• **TASK REQUIREMENTS**: Without the pictures, output all of the data exactly.

━━ PROVIDED DATA

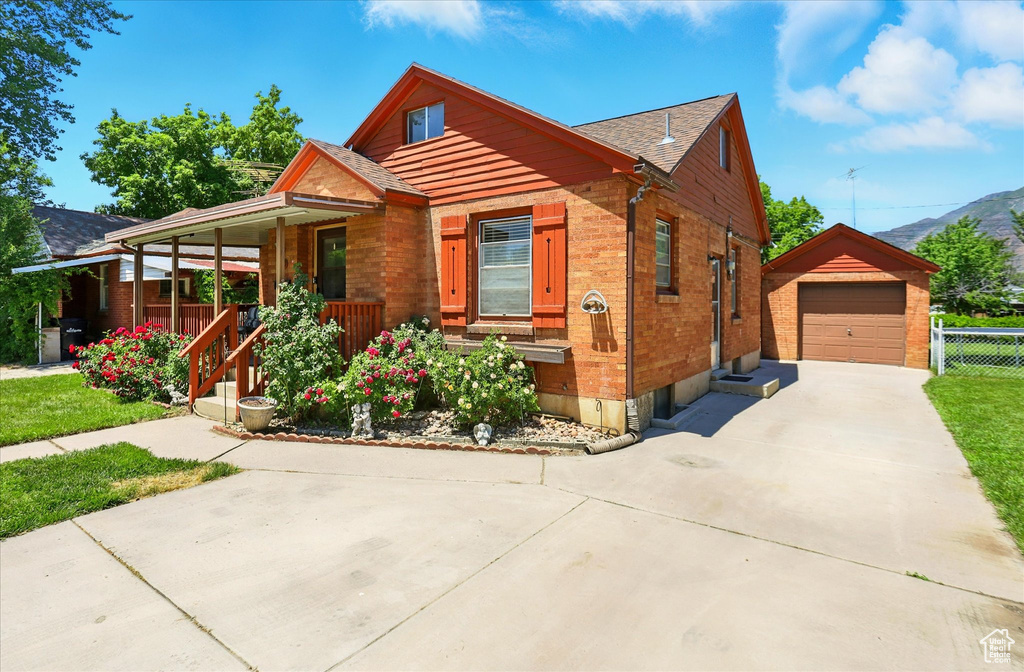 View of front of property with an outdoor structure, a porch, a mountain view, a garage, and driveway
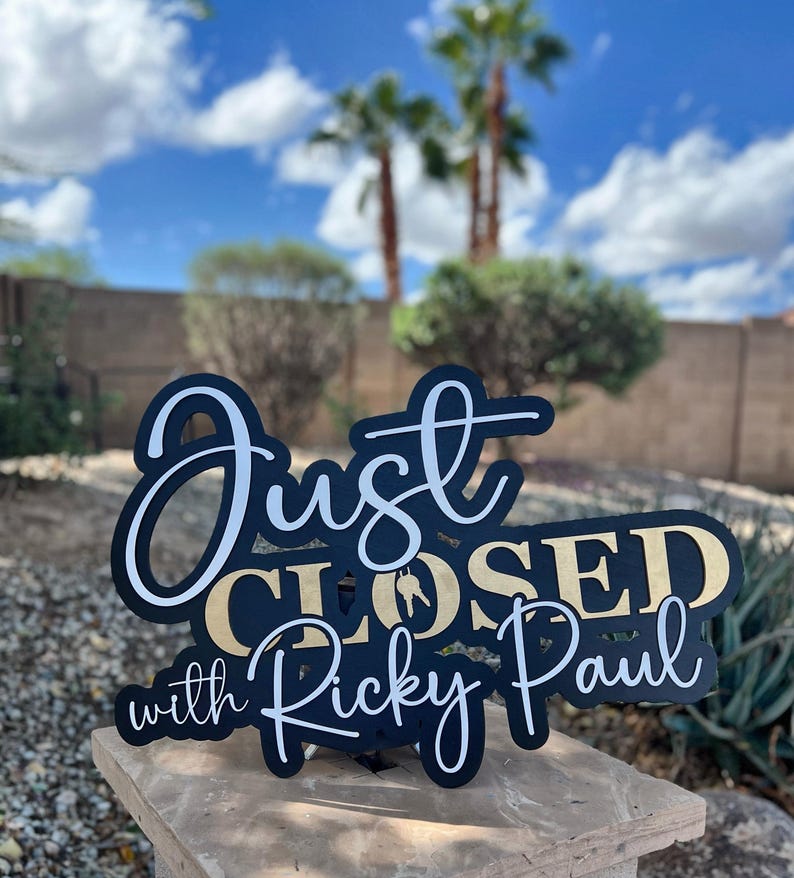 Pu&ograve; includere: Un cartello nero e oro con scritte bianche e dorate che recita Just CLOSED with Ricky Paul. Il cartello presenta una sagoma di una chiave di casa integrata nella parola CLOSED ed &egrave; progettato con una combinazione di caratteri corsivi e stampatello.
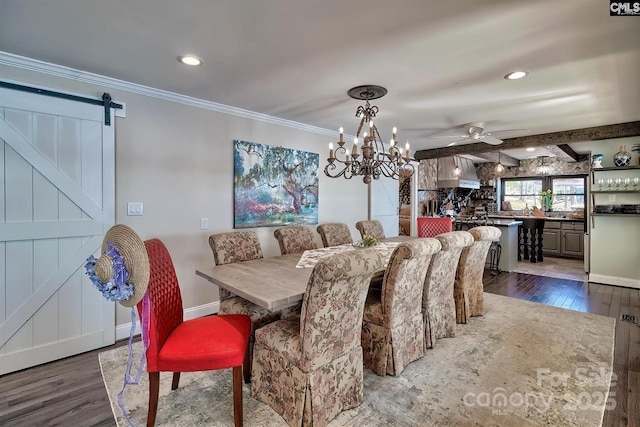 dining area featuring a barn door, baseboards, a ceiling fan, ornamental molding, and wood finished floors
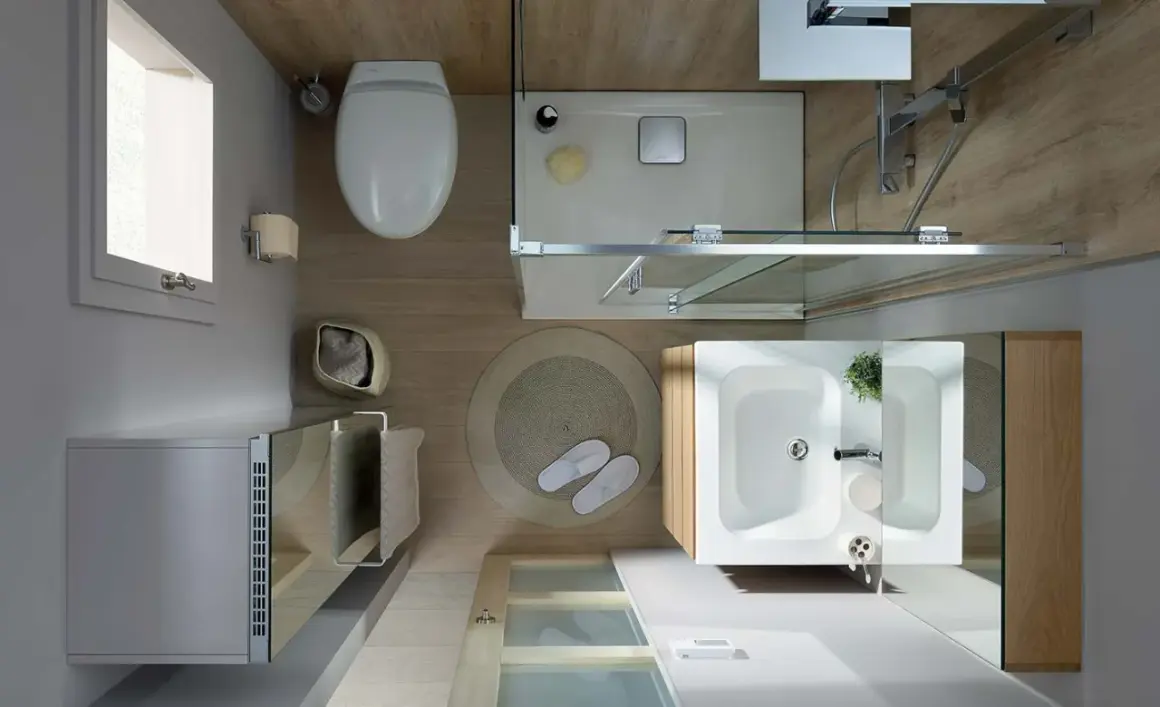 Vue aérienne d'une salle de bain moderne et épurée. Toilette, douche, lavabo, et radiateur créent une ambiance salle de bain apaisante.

━━━━

• **EXERCISE ANSWER**:
 View of front of property with an outdoor structure, a porch, a mountain view, a garage, and driveway
 Pu&ograve; includere: Un cartello nero e oro con scritte bianche e dorate che recita Just CLOSED with Ricky Paul. Il cartello presenta una sagoma di una chiave di casa integrata nella parola CLOSED ed &egrave; progettato con una combinazione di caratteri corsivi e stampatello.
 dining area featuring a barn door, baseboards, a ceiling fan, ornamental molding, and wood finished floors
 Vue aérienne d'une salle de bain moderne et épurée. Toilette, douche, lavabo, et radiateur créent une ambiance salle de bain apaisante.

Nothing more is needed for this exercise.